Afinal, ninguém está à espera de ser cozido vivo.

Rapidamente constatamos estar em água a ferver e a dor dispara.

Se tivermos a sorte de ter a cabeça à tona de água, deste modo evitando a cozedura da massa cinzenta dentro do próprio crânio, o cérebro fará tudo ao seu alcance para sobreviver, inundando o corpo de endorfinas e concentrando as suas energias nos órgãos vitais. Histaminas são bombeadas em doses industriais enquanto o sangue corre para a superfície. O corpo incha e avermelha num esforço vão para controlar a temperatura interna, a qual só tem um sentido: continuar a subir.

Para quem pense não ser possível sentir dor quando dentro de água a ferver, estão enganados. A dor é real, tão real como a pele e os membros a queimar, a arder, a cozer, uma dor agonizante e prolongada. Por várias horas.

Após a cozedura da pele, membros, gordura e carne, os órgãos internos serão os próximos elementos desta receita macabra, cozidos entre sucos digestivos e sangue, do estômago ao fígado, dos rins aos intestinos, do pâncreas ao coração, entre outros.

De caminho cegámos e os pulmões queimam por dentro a cada inspiração. E o pior é estarmos conscientes durante a maior parte do tempo, deste modo condimentando a carne e os órgãos na perfeição enquanto tentamos nadar para fora deste poço da morte.

Por esta altura a pele do nosso corpo revestiu-se de uma textura coriácea, desprendendo-se aqui e ali da carne e ossos à mostra nesta figura meio morta, meio viva acabada de sair de um filme de terror onde, desta vez, nós somos o protagonista.

E chega. Chega para passar a mensagem e o exemplo quando, em plena época estival, assistimos em cada restaurante, em cada café, em cada bar e cozinha de Portugal a uma tortura típica dos tempos medievais para com milhares, não, milhões de gastrópodes, sim, entre caracóis e caracoletas, cozidos vivos para deleite de quem os come sem dó nem piedade para com estes animais.

E se a tortura acima descrita se aplicava em tempos imemoriais a homens e mulheres por pura crueldade, não vejo razão alguma para sujeitar a natureza em redor a igual sorte e é urgente evoluir,  não só como espécie, mas como elementos de uma sociedade que se diz civilizada.

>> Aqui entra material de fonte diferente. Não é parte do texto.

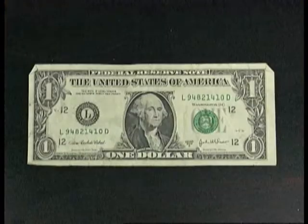Even porous fabric surfaces reveal evidence with the alternate light source system. This $1 bill has fingerprints on it which are difficult to see, but using a MegaMax light with pink essence powder and an orange filter, these prints appear with more detail.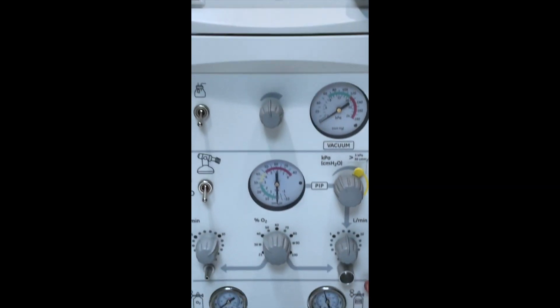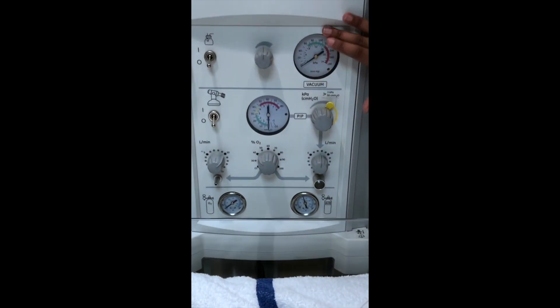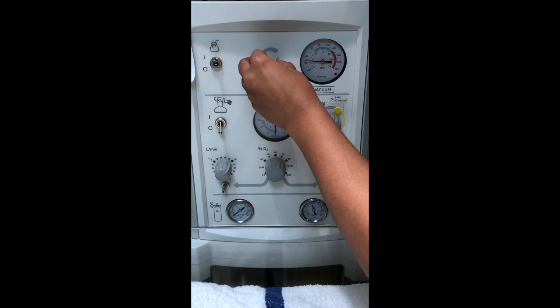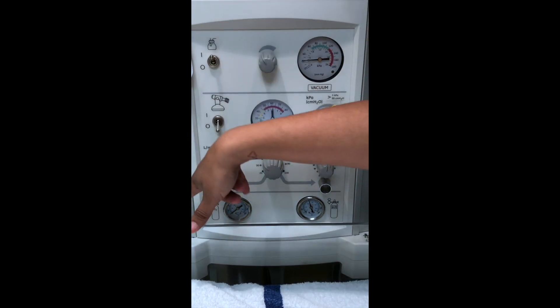Going down here, these are your monitors. Up here above the gray is your suction — you could turn it on and adjust the suction. Your suction canister is on the side.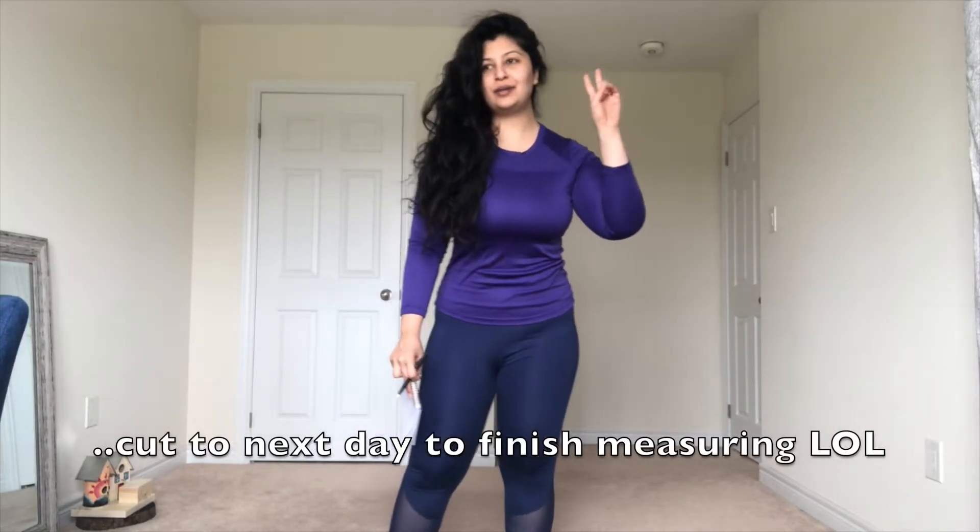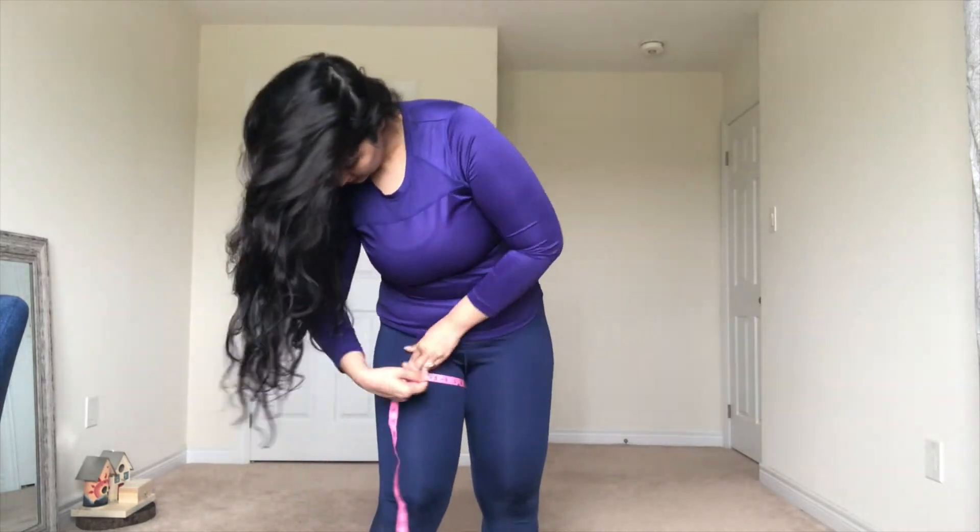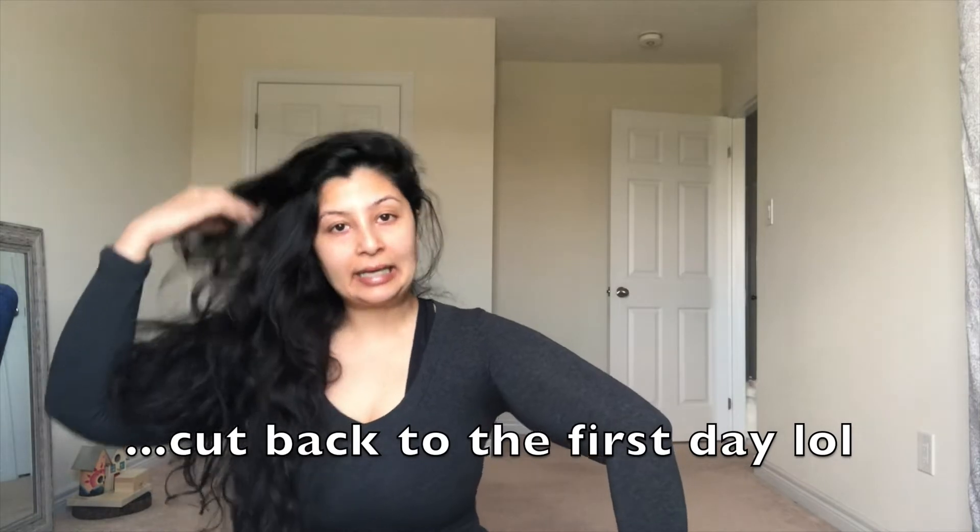It's day two of the challenge — I forgot to take full body measurements on day one so I finished taking them now. For the weigh-in, I'm not going to tell you my weight because I really believe that promotes negativity and negative body image. When I see someone disclosing their weight it makes me rethink myself — it's just really toxic for me personally. I will tell you how much I lost in pounds at the end, but I won't disclose my actual weight.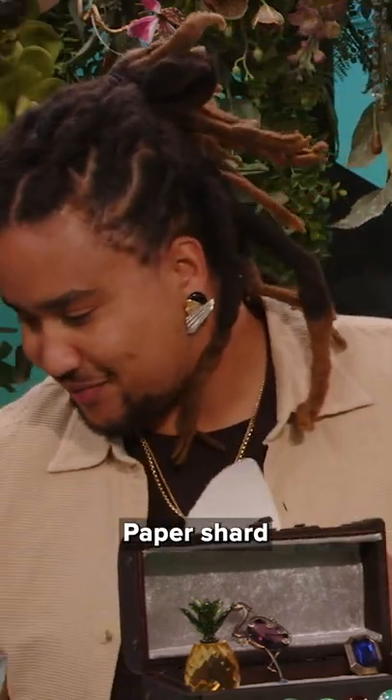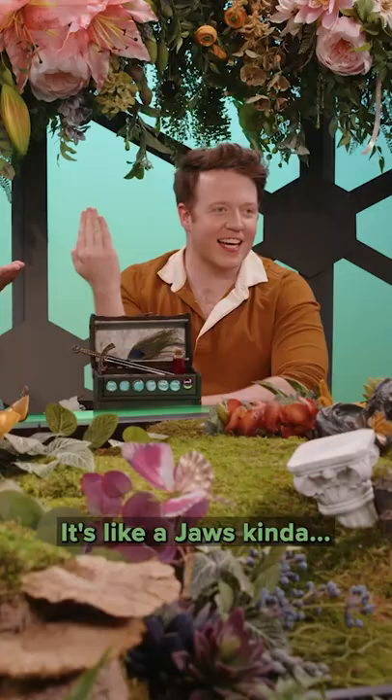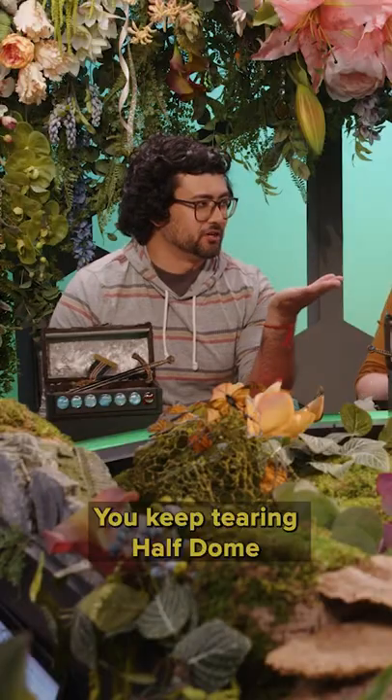That's like a sharp dorsal fin. It's like a Jaws kind of. You keep tearing half dome. It's amazing.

E como em tudo, é preciso coragem, por mais ridículo que pareça, e quem nunca comeu um caracol que atire a primeira pedra. Eu incluído. Coragem para exigir uma vida digna, mas também uma morte digna, para os animais e plantas cujo destino é o nosso prato, a começar por estes pequenos gastrópodes vítimas dos requintes cruéis da cozinha portuguesa.

A mensagem é simples: ninguém merece ser cozido vivo, nem um caracol. E enquanto assim for, recuso-me terminantemente a ser cúmplice deste ritual impiedoso, sanguinário, carniceiro, sanguissedento, entre outros adjectivos descritivos do pior da natureza humana quando, em pleno século XXI insistimos em cozer animais vivos porque o segredo está no molho.